Today, as communism becomes a theoretical name for a system that is beginning to incorporate capitalism, the mandate of heaven has been called into question. Were Mao and communism another manifestation of heaven’s will? Some Chinese scholars believe Mao was the founder of the first peasant dynasty. Others theorize that the cult of personalities like Deng Xiao Ping and now Jiang Zemin has undermined the socialist foundation Mao set forth. Whatever the case, it is clear that as the country continues to modernize, especially with Hong Kong under its belt, communism appears to be taking a very back seat to an undefined foreground, neither capitalism in a Western sense nor Communism as in the years of Mao. The Chinese government has found itself in an awkward situation. If it tries to clamp down, it will surely lose in the race for modernization. If it allows modernization to continue, its control is inevitably weakened. Who can say what heaven will grant next?

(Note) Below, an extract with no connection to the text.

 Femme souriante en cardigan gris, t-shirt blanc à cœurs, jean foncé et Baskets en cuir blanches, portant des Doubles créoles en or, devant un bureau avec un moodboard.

Ranging from the Three Gorges Dam, a colossal project that will uproot 2 million people, to the perpetual construction of skyscrapers crowding the cities’ skylines, the Chinese landscape is changing faster than any other the 20th century has witnessed. In some respects, it’s as if the people had been plucked from their traditional homes and transported 100 years into a future where families struggle to uphold loyalty in an environment that tries to rip it apart. Foreign companies and joint ventures are asking single men and women to climb a corporate ladder on a speeded-up schedule; eating habits have changed from family style to a quick bite from McDonald’s; grocery stores have begun to replace outdoor markets; bars and discos stay open all night. The country has become more modern, but what does that mean to a nation that looks back on over 5,000 years of history?
The acient philosophy of Confucianism laid a foundation for Chinese ethics and morals that still survives today, teaching respect, selflessness, obedience, and a sense of community. Unlike Americans, who prize their individuality and independence, the Chinese believe it is important to stay within and abide by a community that is usually filial. Shame is considered a much graver emotion than guilt: It is in the eyes of those whom they love and respect that the Chinese judge themselves. As a new generation works the corporate life in cities away from home, how this undeniably Chinese characteristic will be affected is the subject of much debate, though emotional conflict seems inevitable.
The Chinese believe that no matter where you were born, where you live, what you speak as your native tongue, if you have Chinese ancestry, you are still Chinese. A Chinese-American teacher’s students at Fudan University insisted that she was more Chinese than American despite the fact that she spoke no Mandarin and had never been in China before meeting them. Michael Chang, the American tennis player, is viewed as a national hero in China. It is a sense of pride over their emergence into the world economy combined with a deep sense of race that holds the country tentatively together. Just Say No, a book written by a young Chinese and on the bestseller list here for over a year, celebrates a sense of neo-nationalism, suggesting that China should isolate itself from the rest of the world in the race to become the most powerful country.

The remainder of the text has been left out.